Heroes was the name of a TV series that ran for four seasons from 2006 to 1010. It was based on the lives of ordinary people who discover superhuman abilities, and how the abilities effected their everyday lives.

My daughters watched Heroes faithfully. I usually had a meeting or something on the nights it aired, so I never really got into it. We weren’t “DVRing” yet!

The past two days I have been watching different kind of heroes- real-life heroes. These heroes are men and women who are fighting the Black Forest fire on the north side of our city. Most of them are experiencing something similar to superhuman abilities. Not jumping tall buildings in a single bound, or being able to pass through solid walls, but rather reaching inside themselves and taking their efforts to a deeper level…being able to do some things that they would not normally do. I remember talking to Steve Oswald this past year about his experience with the Waldo Canyon fire. He was one of the command post chiefs, working 36 straight hours, getting about four hours of week, and then going another 24 hours. When lives are at stake heroes kick it to a different level.

Heroes lay themselves on the line. Some pray without ceasing. They cry out to God with a sense of urgency that consumes them.

Some people are heroes because of sacrificial efforts. The front doors of their homes are open wide. People in need are welcomed and cared for. Heroes sometimes are made from extreme acts of hospitality.

Heroes are made through elevated abilities to listen. The anguish of a young boy who has lost the only home he has ever known is acutely perceived by a stranger he has never met. Time stands still for the hero who knows someone needs to just talk.

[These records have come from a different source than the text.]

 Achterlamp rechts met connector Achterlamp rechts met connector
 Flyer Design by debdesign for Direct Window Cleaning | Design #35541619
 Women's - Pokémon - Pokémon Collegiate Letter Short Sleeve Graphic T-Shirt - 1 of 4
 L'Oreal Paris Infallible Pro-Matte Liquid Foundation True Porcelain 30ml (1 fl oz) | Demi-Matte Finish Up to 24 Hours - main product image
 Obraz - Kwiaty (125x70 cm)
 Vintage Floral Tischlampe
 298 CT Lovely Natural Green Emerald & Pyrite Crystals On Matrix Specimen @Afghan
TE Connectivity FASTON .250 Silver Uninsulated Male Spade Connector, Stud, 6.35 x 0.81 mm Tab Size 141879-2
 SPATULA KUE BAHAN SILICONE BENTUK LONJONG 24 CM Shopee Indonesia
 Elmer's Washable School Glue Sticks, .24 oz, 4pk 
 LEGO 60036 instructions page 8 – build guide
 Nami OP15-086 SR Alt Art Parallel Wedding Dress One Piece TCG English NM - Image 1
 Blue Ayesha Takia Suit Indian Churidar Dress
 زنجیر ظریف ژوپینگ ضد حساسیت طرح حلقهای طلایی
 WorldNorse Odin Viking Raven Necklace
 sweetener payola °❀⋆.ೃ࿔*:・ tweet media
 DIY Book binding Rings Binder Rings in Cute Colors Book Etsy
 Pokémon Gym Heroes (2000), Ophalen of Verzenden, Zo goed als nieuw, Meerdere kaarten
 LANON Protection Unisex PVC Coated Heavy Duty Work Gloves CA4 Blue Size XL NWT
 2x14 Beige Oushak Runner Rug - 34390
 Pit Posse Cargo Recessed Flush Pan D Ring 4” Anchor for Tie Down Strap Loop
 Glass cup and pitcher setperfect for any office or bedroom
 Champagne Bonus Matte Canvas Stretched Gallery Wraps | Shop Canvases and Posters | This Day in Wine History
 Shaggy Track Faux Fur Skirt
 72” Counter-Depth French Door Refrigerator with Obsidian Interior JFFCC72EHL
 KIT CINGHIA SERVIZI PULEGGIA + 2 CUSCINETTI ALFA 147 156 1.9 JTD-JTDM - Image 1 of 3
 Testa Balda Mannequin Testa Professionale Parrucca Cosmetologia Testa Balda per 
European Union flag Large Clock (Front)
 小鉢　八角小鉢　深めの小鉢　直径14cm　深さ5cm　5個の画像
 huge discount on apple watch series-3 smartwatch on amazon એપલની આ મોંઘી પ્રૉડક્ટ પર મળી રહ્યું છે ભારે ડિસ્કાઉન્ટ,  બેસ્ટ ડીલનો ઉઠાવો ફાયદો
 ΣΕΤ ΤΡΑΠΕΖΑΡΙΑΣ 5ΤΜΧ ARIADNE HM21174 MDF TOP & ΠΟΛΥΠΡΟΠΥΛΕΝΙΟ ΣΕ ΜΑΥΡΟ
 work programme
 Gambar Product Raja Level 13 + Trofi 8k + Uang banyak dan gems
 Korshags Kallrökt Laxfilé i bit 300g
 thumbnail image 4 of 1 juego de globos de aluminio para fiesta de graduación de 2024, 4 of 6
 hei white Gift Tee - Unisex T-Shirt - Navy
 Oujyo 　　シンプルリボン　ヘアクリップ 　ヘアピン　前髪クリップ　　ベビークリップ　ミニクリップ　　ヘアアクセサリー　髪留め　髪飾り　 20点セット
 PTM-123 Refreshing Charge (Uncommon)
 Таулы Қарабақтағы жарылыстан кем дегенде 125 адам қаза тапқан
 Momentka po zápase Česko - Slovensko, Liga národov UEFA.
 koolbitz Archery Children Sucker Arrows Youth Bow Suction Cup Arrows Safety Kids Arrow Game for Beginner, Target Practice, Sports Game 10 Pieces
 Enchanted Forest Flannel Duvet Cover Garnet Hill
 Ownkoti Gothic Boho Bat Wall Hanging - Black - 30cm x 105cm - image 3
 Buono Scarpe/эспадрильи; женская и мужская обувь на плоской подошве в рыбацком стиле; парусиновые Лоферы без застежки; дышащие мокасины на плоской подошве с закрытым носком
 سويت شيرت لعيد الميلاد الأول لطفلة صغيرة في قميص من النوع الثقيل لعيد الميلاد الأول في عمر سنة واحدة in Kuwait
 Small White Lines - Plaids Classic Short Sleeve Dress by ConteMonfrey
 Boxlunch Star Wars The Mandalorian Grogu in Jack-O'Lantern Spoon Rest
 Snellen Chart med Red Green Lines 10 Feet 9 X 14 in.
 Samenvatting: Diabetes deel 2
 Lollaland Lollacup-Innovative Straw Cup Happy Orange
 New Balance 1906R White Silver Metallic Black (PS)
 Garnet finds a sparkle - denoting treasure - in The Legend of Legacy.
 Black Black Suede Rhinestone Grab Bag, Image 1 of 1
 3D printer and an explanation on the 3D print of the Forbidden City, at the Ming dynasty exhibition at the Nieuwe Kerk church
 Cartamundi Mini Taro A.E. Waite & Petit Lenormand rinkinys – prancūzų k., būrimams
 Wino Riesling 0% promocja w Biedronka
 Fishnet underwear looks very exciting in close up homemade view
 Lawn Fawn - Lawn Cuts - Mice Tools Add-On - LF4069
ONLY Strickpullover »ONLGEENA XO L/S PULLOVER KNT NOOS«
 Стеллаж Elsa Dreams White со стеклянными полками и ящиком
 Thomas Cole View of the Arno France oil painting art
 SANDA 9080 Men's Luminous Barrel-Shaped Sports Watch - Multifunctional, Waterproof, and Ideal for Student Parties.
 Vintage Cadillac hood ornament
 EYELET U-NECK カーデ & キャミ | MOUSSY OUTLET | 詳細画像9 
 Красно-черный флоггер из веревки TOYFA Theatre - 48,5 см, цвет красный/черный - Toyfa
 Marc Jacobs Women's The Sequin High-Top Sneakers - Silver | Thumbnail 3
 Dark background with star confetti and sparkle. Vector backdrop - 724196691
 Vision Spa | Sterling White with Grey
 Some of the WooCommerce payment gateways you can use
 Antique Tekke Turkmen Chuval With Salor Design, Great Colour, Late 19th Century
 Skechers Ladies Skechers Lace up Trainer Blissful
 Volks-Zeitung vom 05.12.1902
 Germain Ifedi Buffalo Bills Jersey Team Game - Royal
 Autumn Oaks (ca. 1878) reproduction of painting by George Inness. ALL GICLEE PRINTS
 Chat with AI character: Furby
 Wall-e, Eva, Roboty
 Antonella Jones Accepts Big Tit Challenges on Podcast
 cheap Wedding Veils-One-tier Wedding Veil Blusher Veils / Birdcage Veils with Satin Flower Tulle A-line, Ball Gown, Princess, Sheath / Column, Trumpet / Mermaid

Heroes are those people whose first thought was what could they do to help the first responders? They didn’t think about the smell of smoke in the air, they thought about those who are battling the blazes in the midst of the smoke. Heroes are those people who grabbed a case of Gatorade and a box of granola bars and took them to the local aid station.

Heroes are those who persevere, who are not blown and tossed by the winds of unpredictability, but stay the course.

A hero can be a young boy with a sling shot facing a giant as an army of terrified men shrink back in fear. A hero can be a young girl who speaks truth to a bully when everyone else keeps their lips shut.

Heroes are the men and women who stand ready to do battle…of blazes…on battlefields…in areas away from where they themselves live, as well as close to home.

A hero is an athlete who makes a game-winning shot, but then visits children stricken with severe illnesses in a hospital ward.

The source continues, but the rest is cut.